• **The task**
In the records below, find the line that contains "是小米攜手 PChome ，將於" and the line that contains "Snapshot of uyensexy". Set down exactly those lines and every line between them, and nothing more.

• **Source information**
━━━

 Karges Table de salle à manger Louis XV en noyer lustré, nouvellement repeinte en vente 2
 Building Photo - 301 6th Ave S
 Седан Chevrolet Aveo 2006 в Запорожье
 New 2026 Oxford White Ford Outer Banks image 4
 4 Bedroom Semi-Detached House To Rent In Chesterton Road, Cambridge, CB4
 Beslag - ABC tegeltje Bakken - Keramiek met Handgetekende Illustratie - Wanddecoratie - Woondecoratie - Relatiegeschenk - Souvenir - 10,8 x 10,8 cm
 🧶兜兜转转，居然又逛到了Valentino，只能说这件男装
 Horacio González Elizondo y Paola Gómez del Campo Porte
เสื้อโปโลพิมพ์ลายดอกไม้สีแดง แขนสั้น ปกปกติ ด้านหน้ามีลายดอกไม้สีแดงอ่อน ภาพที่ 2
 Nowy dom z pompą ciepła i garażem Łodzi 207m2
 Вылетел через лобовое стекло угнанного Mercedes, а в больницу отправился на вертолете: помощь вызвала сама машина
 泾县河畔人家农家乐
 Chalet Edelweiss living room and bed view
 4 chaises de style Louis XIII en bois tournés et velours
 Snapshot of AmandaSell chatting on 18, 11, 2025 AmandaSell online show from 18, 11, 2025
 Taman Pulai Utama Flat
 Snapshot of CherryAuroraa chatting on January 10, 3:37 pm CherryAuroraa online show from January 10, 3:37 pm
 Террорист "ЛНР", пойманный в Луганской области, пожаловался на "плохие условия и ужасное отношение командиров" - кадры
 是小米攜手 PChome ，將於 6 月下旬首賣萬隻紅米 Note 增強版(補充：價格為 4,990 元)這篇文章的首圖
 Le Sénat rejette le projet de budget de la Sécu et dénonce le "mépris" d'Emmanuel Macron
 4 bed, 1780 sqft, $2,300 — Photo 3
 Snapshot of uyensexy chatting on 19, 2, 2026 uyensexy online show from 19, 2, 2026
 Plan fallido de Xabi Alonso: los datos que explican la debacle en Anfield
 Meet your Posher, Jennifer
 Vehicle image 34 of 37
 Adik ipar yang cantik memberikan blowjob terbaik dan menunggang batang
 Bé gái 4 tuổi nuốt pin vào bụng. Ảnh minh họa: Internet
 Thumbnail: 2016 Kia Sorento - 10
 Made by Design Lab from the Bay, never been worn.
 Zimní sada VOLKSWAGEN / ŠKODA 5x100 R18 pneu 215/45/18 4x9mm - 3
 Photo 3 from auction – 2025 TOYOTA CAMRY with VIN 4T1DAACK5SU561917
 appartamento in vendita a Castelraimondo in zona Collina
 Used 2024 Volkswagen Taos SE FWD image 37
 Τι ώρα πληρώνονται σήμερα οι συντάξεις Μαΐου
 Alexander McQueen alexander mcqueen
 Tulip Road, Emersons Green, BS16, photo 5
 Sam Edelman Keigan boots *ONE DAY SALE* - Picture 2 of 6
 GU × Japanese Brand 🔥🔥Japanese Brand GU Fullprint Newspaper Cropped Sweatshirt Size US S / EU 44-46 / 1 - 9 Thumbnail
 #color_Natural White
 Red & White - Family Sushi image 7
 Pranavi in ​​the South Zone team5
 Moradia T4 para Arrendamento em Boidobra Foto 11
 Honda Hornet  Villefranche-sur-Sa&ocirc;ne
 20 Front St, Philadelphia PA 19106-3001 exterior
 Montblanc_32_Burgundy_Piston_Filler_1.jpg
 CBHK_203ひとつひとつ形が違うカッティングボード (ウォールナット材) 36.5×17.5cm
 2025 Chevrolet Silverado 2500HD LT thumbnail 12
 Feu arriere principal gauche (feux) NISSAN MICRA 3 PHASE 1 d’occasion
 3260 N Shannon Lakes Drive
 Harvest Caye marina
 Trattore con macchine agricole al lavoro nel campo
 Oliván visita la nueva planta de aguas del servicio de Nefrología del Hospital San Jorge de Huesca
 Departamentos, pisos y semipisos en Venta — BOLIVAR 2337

━━━

• **Final answer**
 是小米攜手 PChome ，將於 6 月下旬首賣萬隻紅米 Note 增強版(補充：價格為 4,990 元)這篇文章的首圖
 Le Sénat rejette le projet de budget de la Sécu et dénonce le "mépris" d'Emmanuel Macron
 4 bed, 1780 sqft, $2,300 — Photo 3
 Snapshot of uyensexy chatting on 19, 2, 2026 uyensexy online show from 19, 2, 2026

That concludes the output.